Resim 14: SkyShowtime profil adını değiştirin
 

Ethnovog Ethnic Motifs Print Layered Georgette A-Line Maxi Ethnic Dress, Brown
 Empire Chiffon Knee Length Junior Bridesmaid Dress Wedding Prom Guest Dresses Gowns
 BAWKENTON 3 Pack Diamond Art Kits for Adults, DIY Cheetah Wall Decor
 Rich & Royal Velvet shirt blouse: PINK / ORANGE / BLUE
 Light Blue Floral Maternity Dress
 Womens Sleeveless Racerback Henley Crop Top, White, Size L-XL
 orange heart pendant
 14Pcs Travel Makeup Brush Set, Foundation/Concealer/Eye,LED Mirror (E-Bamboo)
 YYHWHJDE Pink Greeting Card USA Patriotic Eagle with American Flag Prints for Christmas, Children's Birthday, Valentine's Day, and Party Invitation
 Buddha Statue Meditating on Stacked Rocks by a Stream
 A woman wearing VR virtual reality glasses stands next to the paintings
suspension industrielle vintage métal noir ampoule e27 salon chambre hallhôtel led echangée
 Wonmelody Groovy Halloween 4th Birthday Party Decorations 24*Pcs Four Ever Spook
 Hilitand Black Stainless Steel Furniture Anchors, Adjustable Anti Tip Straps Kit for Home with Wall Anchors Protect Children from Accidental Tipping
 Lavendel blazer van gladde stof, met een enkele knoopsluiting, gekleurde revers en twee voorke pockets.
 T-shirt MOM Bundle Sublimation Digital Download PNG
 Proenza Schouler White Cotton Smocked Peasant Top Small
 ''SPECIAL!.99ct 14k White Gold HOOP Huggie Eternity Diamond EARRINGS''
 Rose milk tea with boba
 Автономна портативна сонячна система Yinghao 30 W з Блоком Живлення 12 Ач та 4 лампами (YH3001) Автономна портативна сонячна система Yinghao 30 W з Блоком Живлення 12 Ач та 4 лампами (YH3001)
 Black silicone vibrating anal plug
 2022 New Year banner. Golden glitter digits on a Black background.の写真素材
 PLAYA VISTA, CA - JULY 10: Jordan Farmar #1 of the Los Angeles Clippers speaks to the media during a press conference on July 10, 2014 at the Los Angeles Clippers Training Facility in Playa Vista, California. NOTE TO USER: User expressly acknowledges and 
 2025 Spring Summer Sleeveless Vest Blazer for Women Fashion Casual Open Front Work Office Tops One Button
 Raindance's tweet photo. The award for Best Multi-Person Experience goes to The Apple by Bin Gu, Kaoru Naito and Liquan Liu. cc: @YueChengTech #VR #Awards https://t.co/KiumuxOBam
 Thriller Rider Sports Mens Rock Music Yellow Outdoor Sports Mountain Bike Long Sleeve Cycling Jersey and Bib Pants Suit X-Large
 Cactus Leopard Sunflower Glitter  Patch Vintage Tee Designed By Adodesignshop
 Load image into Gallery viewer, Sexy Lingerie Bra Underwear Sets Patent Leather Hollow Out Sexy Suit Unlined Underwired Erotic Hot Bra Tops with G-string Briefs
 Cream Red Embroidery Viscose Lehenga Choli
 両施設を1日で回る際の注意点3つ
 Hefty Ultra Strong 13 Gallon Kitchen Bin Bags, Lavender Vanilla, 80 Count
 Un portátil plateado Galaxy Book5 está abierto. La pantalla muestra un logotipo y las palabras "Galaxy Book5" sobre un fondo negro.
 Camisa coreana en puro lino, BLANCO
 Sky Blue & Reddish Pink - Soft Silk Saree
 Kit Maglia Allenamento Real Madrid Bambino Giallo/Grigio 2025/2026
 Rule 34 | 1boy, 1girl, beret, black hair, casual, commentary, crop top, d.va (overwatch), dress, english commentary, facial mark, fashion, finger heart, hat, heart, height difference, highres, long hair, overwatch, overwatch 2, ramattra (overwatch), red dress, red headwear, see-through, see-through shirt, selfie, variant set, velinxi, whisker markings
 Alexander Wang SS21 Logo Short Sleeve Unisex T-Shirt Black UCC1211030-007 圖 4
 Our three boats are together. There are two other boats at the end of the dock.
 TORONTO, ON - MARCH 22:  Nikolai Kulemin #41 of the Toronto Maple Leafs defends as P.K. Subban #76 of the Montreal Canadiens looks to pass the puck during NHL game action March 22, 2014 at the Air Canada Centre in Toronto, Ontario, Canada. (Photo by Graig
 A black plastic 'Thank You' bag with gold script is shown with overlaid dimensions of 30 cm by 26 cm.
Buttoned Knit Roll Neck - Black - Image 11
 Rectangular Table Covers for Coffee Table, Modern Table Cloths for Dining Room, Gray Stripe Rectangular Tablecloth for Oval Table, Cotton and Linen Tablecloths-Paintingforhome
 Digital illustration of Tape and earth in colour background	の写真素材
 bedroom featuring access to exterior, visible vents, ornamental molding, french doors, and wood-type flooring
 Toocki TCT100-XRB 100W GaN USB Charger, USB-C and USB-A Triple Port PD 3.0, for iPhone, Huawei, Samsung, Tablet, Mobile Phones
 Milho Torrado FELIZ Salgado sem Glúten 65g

# [Task]
Considering only the material above, set down every line from the one with "両施設を1日で回る際の注意点3つ" to the one with "Kit Maglia Allenamento", inclusive, exactly as written.

# [Solution to this problem]
 両施設を1日で回る際の注意点3つ
 Hefty Ultra Strong 13 Gallon Kitchen Bin Bags, Lavender Vanilla, 80 Count
 Un portátil plateado Galaxy Book5 está abierto. La pantalla muestra un logotipo y las palabras "Galaxy Book5" sobre un fondo negro.
 Camisa coreana en puro lino, BLANCO
 Sky Blue & Reddish Pink - Soft Silk Saree
 Kit Maglia Allenamento Real Madrid Bambino Giallo/Grigio 2025/2026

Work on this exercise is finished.